• **Task directions**: For each line of the listing that holds "Pink", show the full line.
┌─ Provided data
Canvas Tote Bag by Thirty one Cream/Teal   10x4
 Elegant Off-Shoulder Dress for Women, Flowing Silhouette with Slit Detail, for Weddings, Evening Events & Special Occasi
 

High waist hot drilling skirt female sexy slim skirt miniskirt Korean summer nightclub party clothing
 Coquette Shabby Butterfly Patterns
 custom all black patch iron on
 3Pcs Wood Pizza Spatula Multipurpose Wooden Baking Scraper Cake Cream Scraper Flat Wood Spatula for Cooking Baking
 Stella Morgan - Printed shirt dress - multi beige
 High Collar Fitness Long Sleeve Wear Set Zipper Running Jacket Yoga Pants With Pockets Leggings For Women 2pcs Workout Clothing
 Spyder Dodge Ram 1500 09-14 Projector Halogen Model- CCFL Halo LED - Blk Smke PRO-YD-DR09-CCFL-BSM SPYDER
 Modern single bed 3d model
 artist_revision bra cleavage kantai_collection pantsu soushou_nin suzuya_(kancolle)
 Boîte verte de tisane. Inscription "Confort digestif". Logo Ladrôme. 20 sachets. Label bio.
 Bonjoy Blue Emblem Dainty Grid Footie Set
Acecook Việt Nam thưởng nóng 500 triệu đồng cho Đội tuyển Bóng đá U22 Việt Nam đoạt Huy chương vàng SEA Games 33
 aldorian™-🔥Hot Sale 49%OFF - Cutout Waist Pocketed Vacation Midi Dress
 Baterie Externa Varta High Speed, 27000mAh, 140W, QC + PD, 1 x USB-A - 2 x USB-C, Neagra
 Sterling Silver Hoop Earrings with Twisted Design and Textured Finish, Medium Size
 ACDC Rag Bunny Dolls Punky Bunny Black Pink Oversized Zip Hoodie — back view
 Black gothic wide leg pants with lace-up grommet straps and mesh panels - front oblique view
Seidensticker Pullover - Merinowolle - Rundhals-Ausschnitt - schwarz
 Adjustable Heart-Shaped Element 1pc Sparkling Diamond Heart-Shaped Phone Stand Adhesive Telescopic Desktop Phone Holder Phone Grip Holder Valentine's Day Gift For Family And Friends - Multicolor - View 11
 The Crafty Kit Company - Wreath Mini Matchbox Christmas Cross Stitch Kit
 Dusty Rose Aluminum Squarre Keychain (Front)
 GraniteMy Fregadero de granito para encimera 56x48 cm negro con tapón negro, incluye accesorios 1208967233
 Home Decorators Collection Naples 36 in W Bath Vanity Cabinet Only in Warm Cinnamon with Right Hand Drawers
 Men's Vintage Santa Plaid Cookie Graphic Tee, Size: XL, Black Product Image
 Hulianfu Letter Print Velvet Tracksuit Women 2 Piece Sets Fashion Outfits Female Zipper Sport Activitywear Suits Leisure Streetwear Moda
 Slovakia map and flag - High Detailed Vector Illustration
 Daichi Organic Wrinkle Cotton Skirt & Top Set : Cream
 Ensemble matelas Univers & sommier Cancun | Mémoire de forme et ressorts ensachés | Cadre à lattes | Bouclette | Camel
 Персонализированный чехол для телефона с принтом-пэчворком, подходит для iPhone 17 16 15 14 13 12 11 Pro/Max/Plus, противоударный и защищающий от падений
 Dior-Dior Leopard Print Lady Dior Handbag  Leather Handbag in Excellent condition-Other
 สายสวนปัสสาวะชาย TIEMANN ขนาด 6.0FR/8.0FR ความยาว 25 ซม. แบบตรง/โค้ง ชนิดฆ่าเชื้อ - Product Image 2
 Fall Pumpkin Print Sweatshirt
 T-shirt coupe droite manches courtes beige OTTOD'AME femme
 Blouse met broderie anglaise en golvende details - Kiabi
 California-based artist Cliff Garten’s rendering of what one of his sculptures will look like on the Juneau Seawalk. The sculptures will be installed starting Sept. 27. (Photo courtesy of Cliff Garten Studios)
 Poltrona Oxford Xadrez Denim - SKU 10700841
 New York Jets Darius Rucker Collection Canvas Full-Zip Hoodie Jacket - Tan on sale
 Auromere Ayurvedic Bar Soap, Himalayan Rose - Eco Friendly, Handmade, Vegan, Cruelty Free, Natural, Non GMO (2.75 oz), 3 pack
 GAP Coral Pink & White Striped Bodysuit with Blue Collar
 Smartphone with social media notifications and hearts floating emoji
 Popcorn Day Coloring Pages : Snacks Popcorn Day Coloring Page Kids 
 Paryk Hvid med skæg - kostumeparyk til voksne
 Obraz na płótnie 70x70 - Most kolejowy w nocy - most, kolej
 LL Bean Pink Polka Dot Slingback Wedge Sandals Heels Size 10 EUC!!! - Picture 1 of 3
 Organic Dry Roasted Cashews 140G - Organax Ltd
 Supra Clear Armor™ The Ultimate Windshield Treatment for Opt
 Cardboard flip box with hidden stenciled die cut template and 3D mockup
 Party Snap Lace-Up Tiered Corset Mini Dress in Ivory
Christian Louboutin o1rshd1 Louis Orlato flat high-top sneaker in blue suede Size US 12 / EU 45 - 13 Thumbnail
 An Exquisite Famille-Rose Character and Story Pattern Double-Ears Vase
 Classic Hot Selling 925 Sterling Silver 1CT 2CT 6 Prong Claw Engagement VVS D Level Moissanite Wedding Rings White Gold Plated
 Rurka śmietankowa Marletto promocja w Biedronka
└─
• **Answer for this exercise**:
 ACDC Rag Bunny Dolls Punky Bunny Black Pink Oversized Zip Hoodie — back view
 GAP Coral Pink & White Striped Bodysuit with Blue Collar
 LL Bean Pink Polka Dot Slingback Wedge Sandals Heels Size 10 EUC!!! - Picture 1 of 3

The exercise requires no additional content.